Медлительна российская фемида, но справедлива. Рано или поздно всё расставляет по местам. Воскрешает расстрелянных, возвращает им имущество. Где оно – лично ему принадлежащее? Подхоронили в его могилку? Если известно, где она находится…
Ну а что стало с Хватом?
Прокуратура констатировала, что в отношении бывшего работника органов НКВД СССР Хвата А.Г. «в Особой инспекции КГБ при СМ СССР имеются материалы как о фальсификаторе следственных дел»
[849]. Его не арестовали (мелкая сошка!), но неприятностей было с три короба. С обидой в голосе и даже с всхлипываниями он поведал Евгении Альбац о своих злоключениях.
Подполковник госбезопасности Хват заведовал кадрами в министерстве среднего машиностроения – эвфемизм, за которым скрывалось секретное ведомство по атомной энергии.

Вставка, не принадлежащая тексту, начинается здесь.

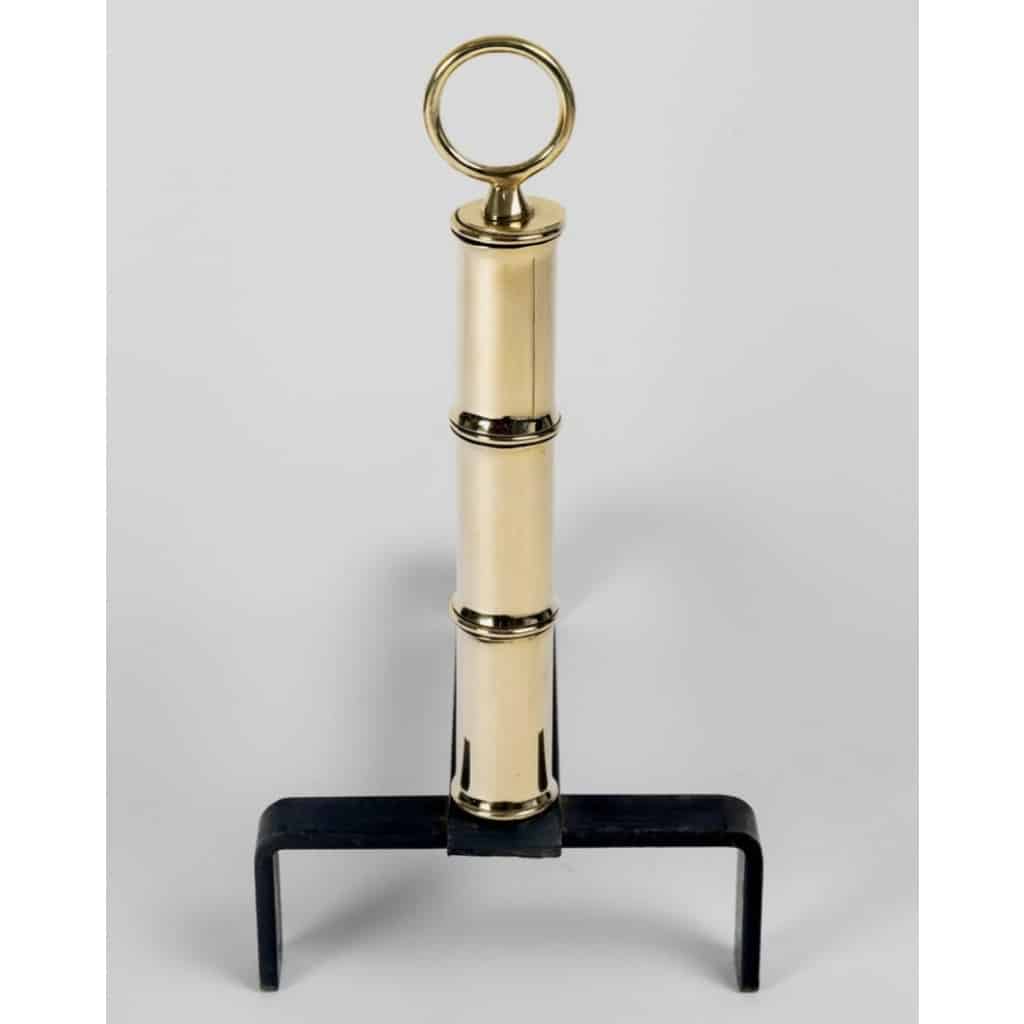 1950 Paire de chenets par Jacques Adnet 4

Когда судили Берию и Влодзимирского, его – от греха подальше – отправили в длительный отпуск. Дело против него военная прокуратура возбудила только в 1957-м. Нашла, «что в его действиях содержится состав преступления, предусмотренного ст. 193-17, и. “а” УК РСФСР, т. е. злоупотребление властью, совершенное из соображений личной заинтересованности и повлекшее за собой тяжелые последствия». Уголовное дело было прекращено по закону об амнистии
[850].
Материалы передали в КПК (Комиссию партийного контроля), разбирательство тянулось пять лет и завершилось исключением Хвата из партии. Он пытался восстановиться – не получилось. Хотел было вступить заново, но при рассмотрении его заявления могли всплыть старые грехи. Решил не будить лиха. В партии состоял 35 лет; кабы не исключили, стал бы старым большевиком — было бы о чем рассказывать пионерам!
Из министерства его убрали. Предлагали работу в Свердловске, Туле, еще где-то, но уезжать из Москвы он не захотел. Персональную пенсию не дали – только общегражданскую. Тоже, конечно, обидно…
6.
Обвиняемого полагалось ознакомить с Обвинительным заключением и занести в протокол его возражения. В соблюдении формальностей старлей Хват, как мы знаем, был аккуратен.
«Обвиняемый Вавилов Н.И. <…> свои показания, данные на следствии, подтверждает и заявляет, что с Бухариным, кроме поездки совместной в Англию в 1931 году на конгресс по истории науки и техники, никаких политических связей и даже встреч не имел. Также неверны в этой части показания Тулайкова. Отрицаю показания Авдулова Н.П. и Савича [В.М.] о моей шпионской работе. Кузнецова И.В. и Ушакову [А.П.], показавших о моей шпионской работе, – я совершенно не знаю»
[851].
Закрытое заседание Военной коллегии Верховного суда состоялось 9 июля 1941 года – «без участия обвинения и защиты и без вызова свидетелей».
А как научная экспертиза?
Она к суду не поспела.
Тем лучше: быстрее можно провернуть дело!